**Records supplied**

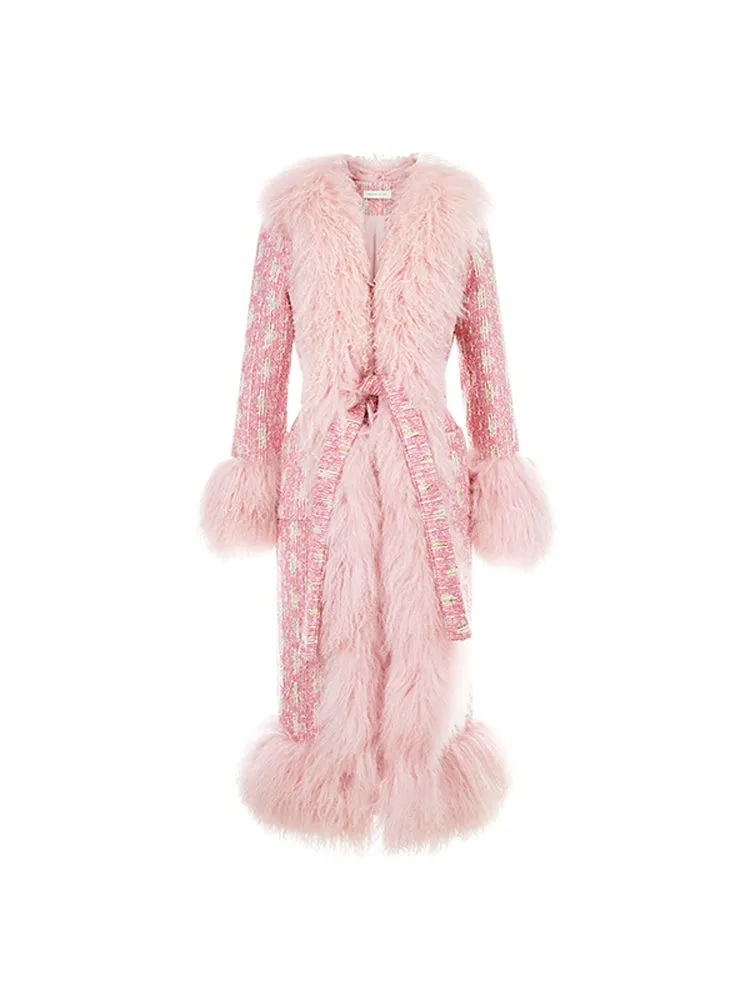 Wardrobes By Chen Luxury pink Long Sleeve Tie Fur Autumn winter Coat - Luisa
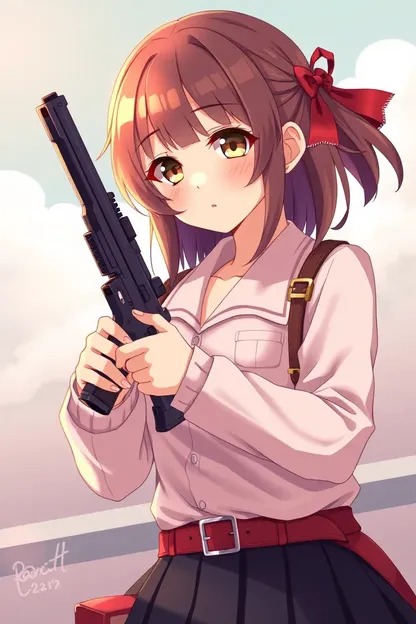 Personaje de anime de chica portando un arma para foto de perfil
==
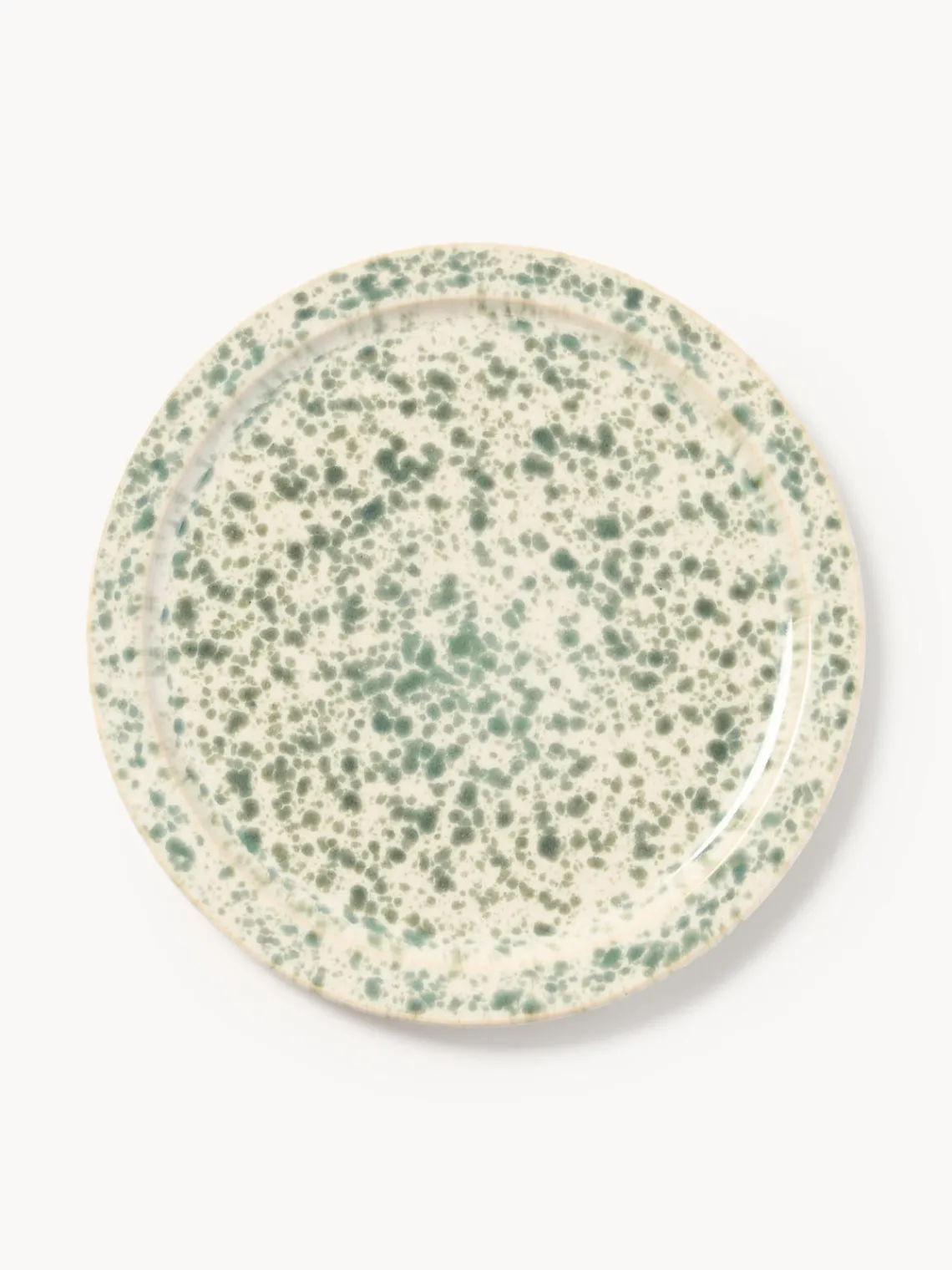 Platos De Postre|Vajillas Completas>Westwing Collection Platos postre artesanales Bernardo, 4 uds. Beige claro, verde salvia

**What needs to be done**
When you reach the line containing "Wardrobes By Chen" in the entries above, begin restating word for word, and stop once the line containing "Personaje de anime" has been given. Omit the pictures.

**Response**
 Wardrobes By Chen Luxury pink Long Sleeve Tie Fur Autumn winter Coat - Luisa
 Personaje de anime de chica portando un arma para foto de perfil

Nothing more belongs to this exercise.